* Problem details *
Output all of the data verbatim.

* Recorded data *
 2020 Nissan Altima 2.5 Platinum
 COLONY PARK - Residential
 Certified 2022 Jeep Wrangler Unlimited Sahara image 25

* Task result *
 2020 Nissan Altima 2.5 Platinum
 COLONY PARK - Residential
 Certified 2022 Jeep Wrangler Unlimited Sahara image 25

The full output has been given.